For the meditation reading two days ago, I started looking back on all the topics and tools we’ve reflected on over these 500 days. Afterwards, I began thinking about some of the individual tools that she has shared. Today, I picked one to look at.


Don’t connect the dots


In April 2020, Shirley said the phrase “don’t connect the dots” helps remind her that when she starts panic thinking and lacing together negative events, to stop making the connections. Otherwise, she concocts a story laden with doom and gloom which becomes an overwhelming mountain. She said she got the tool from me. And it’s true, I used to connect the dots between everything. When I would be caught in a thunderstorm, I would cower in the corner and freak out because it would bring up memories of when my house was hit by lightning when I was 15 years old. When my father talked to me, I’d feel helpless and angry because it would bring up memories of all the times he lectured me throughout my life. When I would hear a sad love song, it would bring me back to past heartbreaks from past relationships. I couldn’t stay in the present. The memories would project me into a future filled with fear that they would happen again. But at some point in my life, I broke myself out of connecting the dots and learned to stay in the present. A thunderstorm is just a thunderstorm, a song is just a song. And I learned to listen to my dad through my heart instead of through my ears. That’s how I learned how much he loved me.


Overthinking


Shirley revisited this tool in October 2020 when she talked about overthinking. She lived her life as an avid worrier, planning and plotting all the what-if scenarios that could happen. All in the name of safety. She quoted Matt Kahn, “The usefulness of overthinking is that it tends to be an alarm clock. It’s a sign that our heart is closed instead of opened.” Matt says to befriend our mind and that if we catch ourselves looping on regrets and fears, he says to start listening to the sound of our thoughts. The mind’s noise is there to open our hearts. At that morning meditation reading, meditators offered ways to stay present.

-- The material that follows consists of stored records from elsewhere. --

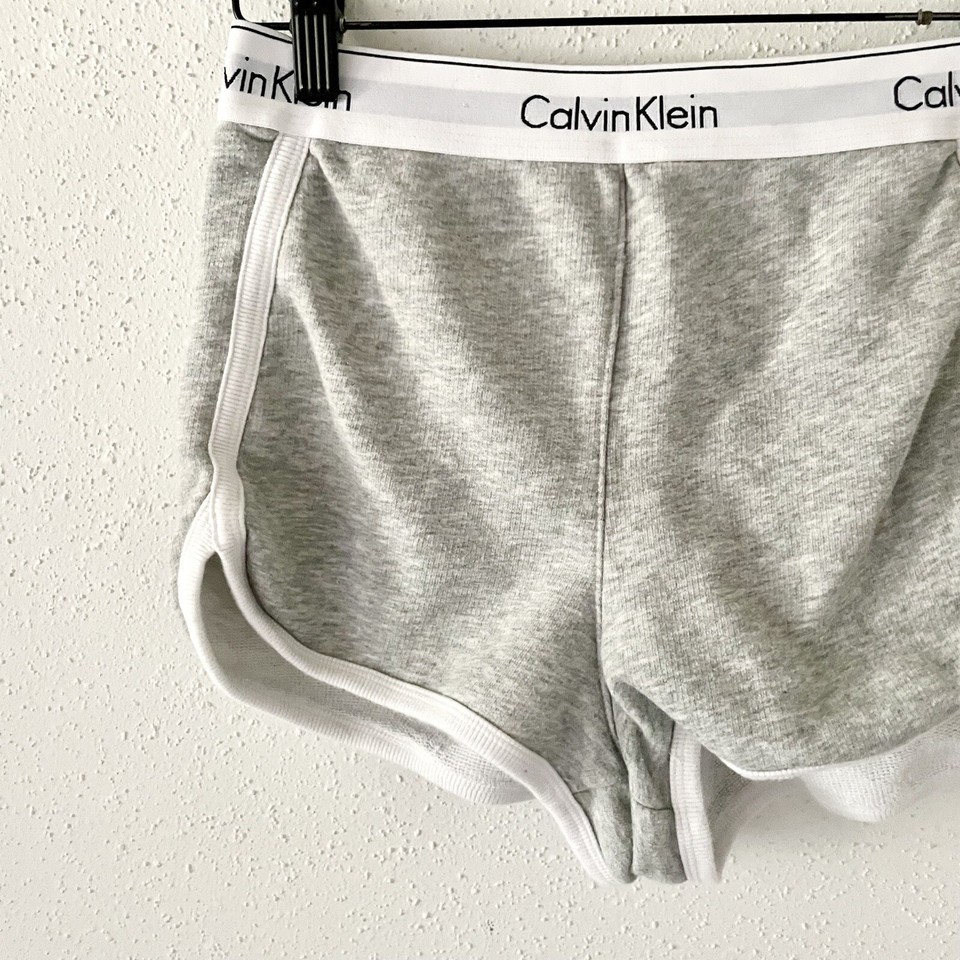CALVIN KLEIN Women's Size Small Light Grey Modern Cotton Sleep Shorts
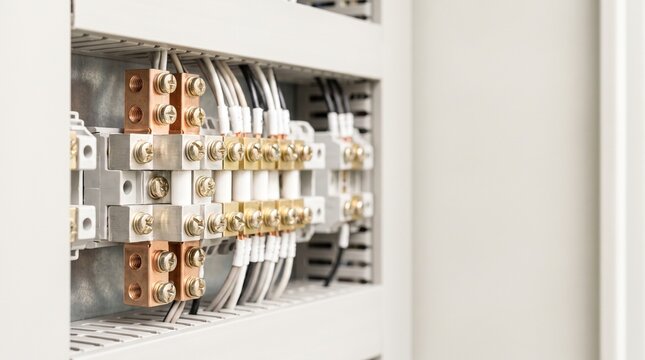 Industrial electrical distribution panel with copper busbars and wires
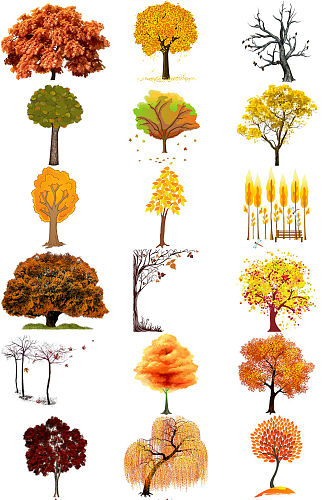 秋天树木免抠PNG透明图片素材
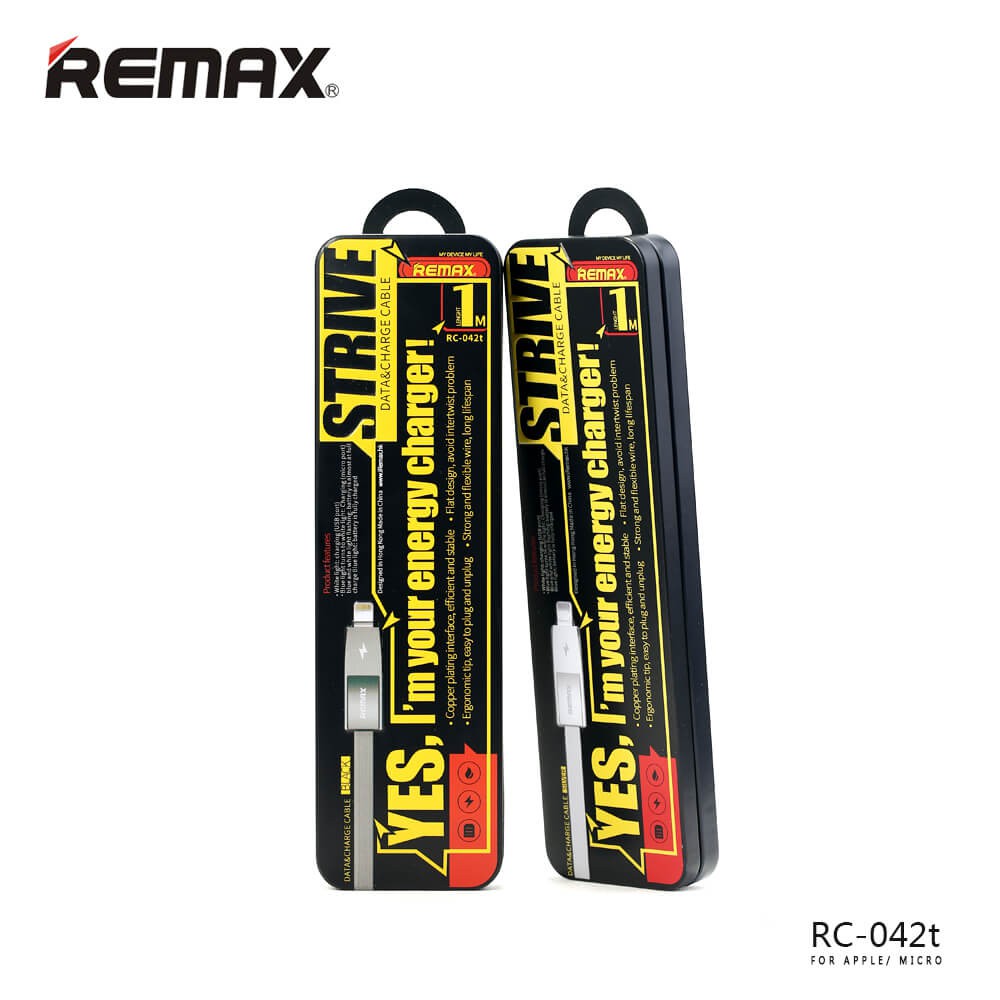 Cáp sạc nhanh 2 trong 1 dây dẹt RC-042T hãng Remax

From the Shared Wisdom of Our Community

  • Someone said they stopped worrying by starting to sing. It opened up their heart and they felt better.

  • Another said they moved and danced which got them out of their head.

  • Another way offered was to carry something that represents feeling centered and staying connected with one’s heart. An amulet like a stone or something. And when one meditates, to set the intention of what the amulet represents. The object is present with you and there to be a reminder that it represents balance or calmness. It can support one in a difficult situation.

New Beginnings


In November, 2020, Shirley talked about her Soul wanting to learn to overcome struggle to find inner harmony. She said people change if they have enough incentive to do so. It takes work to change, and a commitment, and a trust that I am worth it. She said every morning is another opportunity to reboot or reset. By focusing on feeling her worthiness, she stopped making daisy chains and connecting the dots to every negative memory of what went wrong and what happened. The tendency is always there but each new day is another opportunity to learn more about myself, and give myself what I need.


From the Shared Wisdom of Our Community

  • A meditator said the solution is to be in the moment, and to stay out of my story.

  • Another meditator suggested coming up with an image, maybe something in nature, a leaf or tree to focus on.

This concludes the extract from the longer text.